AIRG, THE VANCOUVER-BASED COMPANY
THAT powers mobile communities across providers like
Verizon, Vodafone and Virgin Mobile, announced that it reached
the 20 million user mark.
According to new data from Juniper
Research, that means the company is connecting brands like
Pizza Hut, Dunkin' Donuts and Axe to about half of the entire
global user base for mobile chat and dating services-- as the
research firm is pegging the number of consumers who use those
services worldwide to hit just over 40 million this year.
Juniper is also forecasting global
revenues from the mobile chat and dating services market to
exceed $1 billion by 2010--and companies like AirG that
provide the technology, community platforms and ad-serving
capabilities make it easier for service carriers, content
providers and advertisers to increase their piece of the pie.
"It's such a fragmented marketplace,
because there are so many different data plan price points and
carrier business models--but we've been able to pull different
brands, markets and networks together effectively and bring it
to scale," said Frederick Ghahramani, AirG's founder.

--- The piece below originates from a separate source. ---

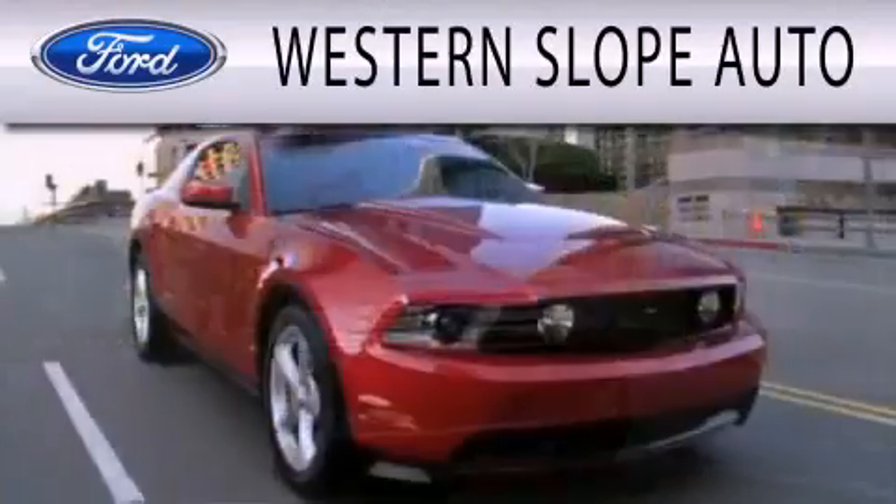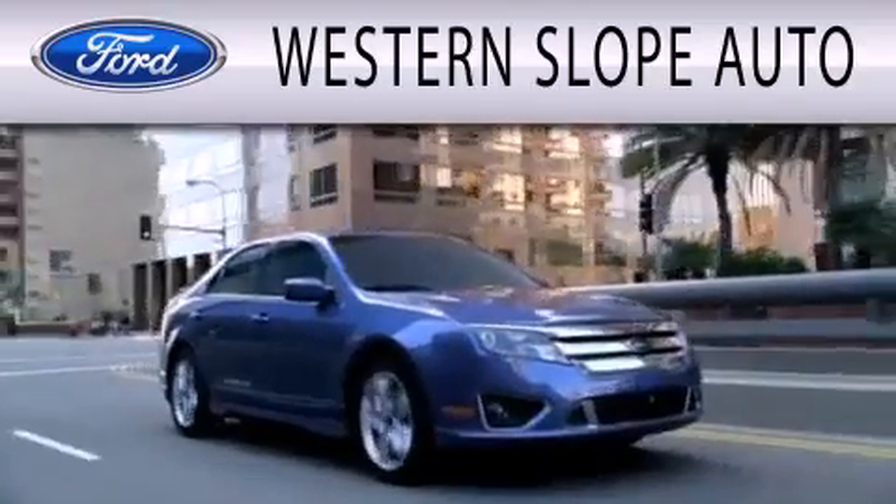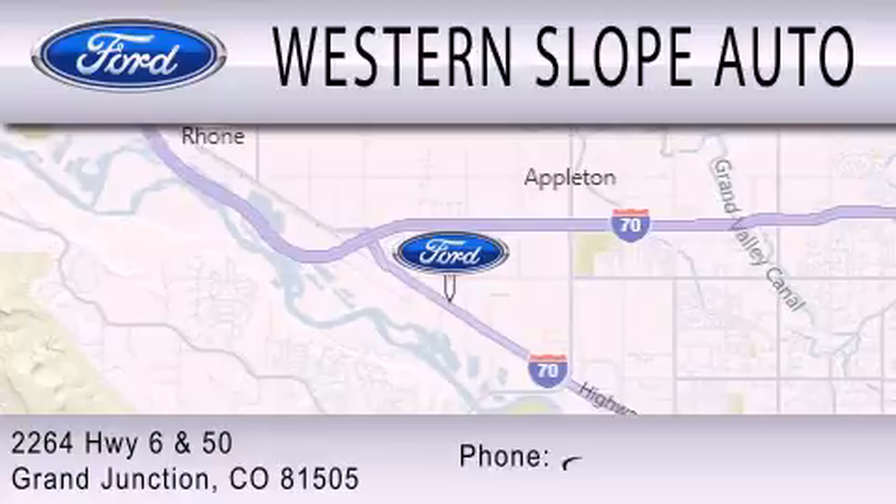Western Slope Auto is dedicated to doing everything possible to ensure that the experience you have selecting your next vehicle is as pleasant as possible. We are located at 2264 Highway 6 and 50 in Grand Junction.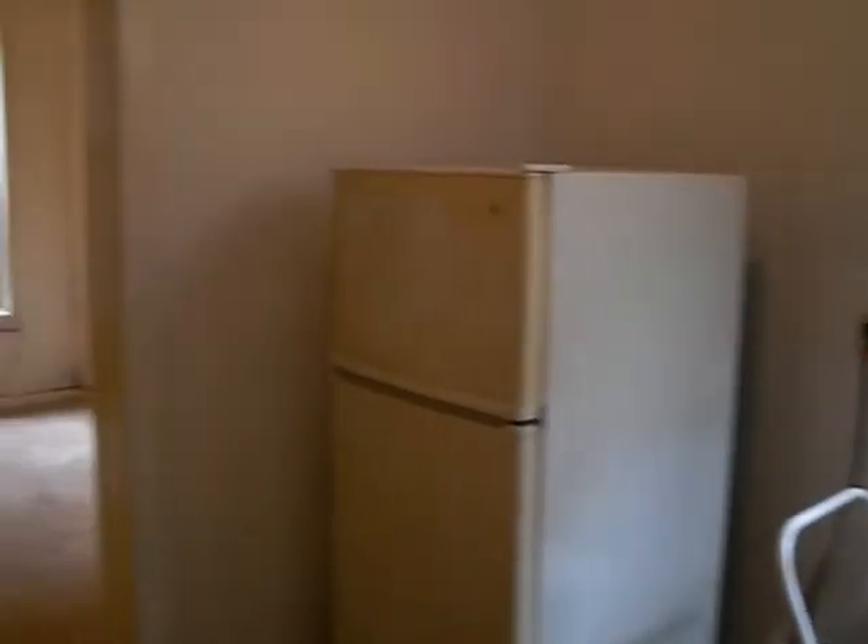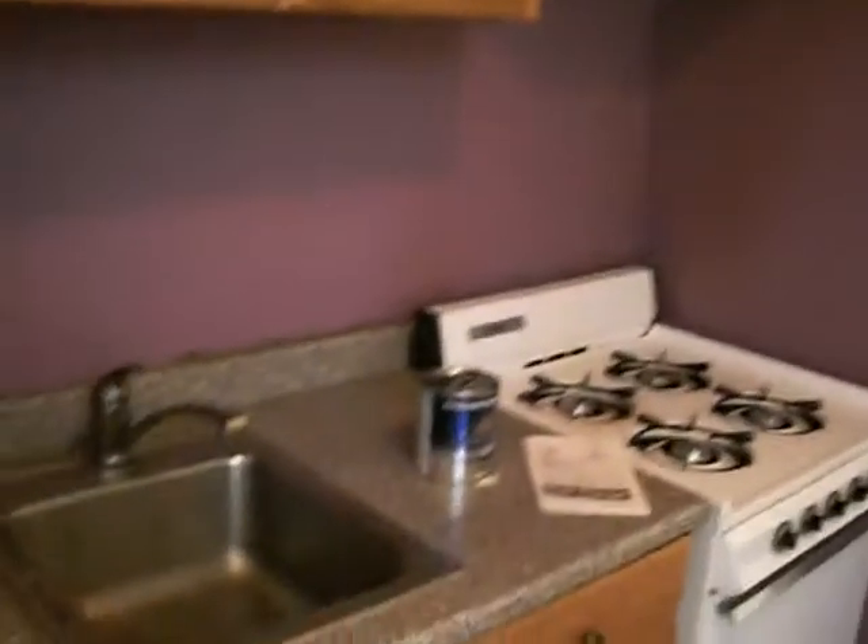You walk in, here's your kitchen area. Again, $1,850 — it's going to be painted. Here's your living room area. It's a smaller living room area, but you get plenty of light.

Part of AirG's success with mobile
marketers stems from the fact that the company can provide
rich data on user demographics (age, location, gender and
phone type) as well as attitudes and opinions through
interactive surveys.
For example, through a series of short,
WAP-based surveys of more than 30,000 U.S. community members,
AirG found that nearly 60% of users either had to share a PC
or didn't even own one--highlighting the mobile Web as their
primary channel for access to online information and social
networking activities.
Some 75% of respondents preferred
chatting on the phone to watching TV, about a third of users
spent $80 or more per month on their mobile bill--and on
average, users spent nearly an hour per day in one of AirG's
hosted or carrier-branded communities.
According to Ghahramani, this is valuable
time that brands can use to connect with consumers--if they're
willing to look beyond prevailing mobile marketing research
and opinions that focus only on the always connected, affluent
early adopters.
"There is a tremendous opportunity to
reach a clearly defined market of mobile social network
users--we call them 'Generation G' in-house," said Ghahramani.
"And without being pejorative, it's the 18- to-30-year-olds
with service-type jobs--like the night security guard, or
Starbucks employee who are connected to their mobile
phone--not a white collar worker who checks their TD
Ameritrade account or uses eBay via their desktop."
Data from a recent AirG survey found that
54% of its U.S. mobile community members described themselves
as "urban"--with 43% who considered themselves middle class,
followed closely by 37% who said that they were working class.
AirG also boasts a fairly multicultural user base, as a third
of members are Caucasian, 30% are Latino and 21% are
African-American.
"The market is in a frenzy over new
devices like the iPhone, but the reality today is that the
mass-market consumer is using $0-$100 handsets to access
mobile services," added Ghahramani. "Seeing past the hype
associated with niche audiences like the digerati and
technophile early adopters has been a crucial part of what has
enabled AirG to achieve its scale of 20 million customers."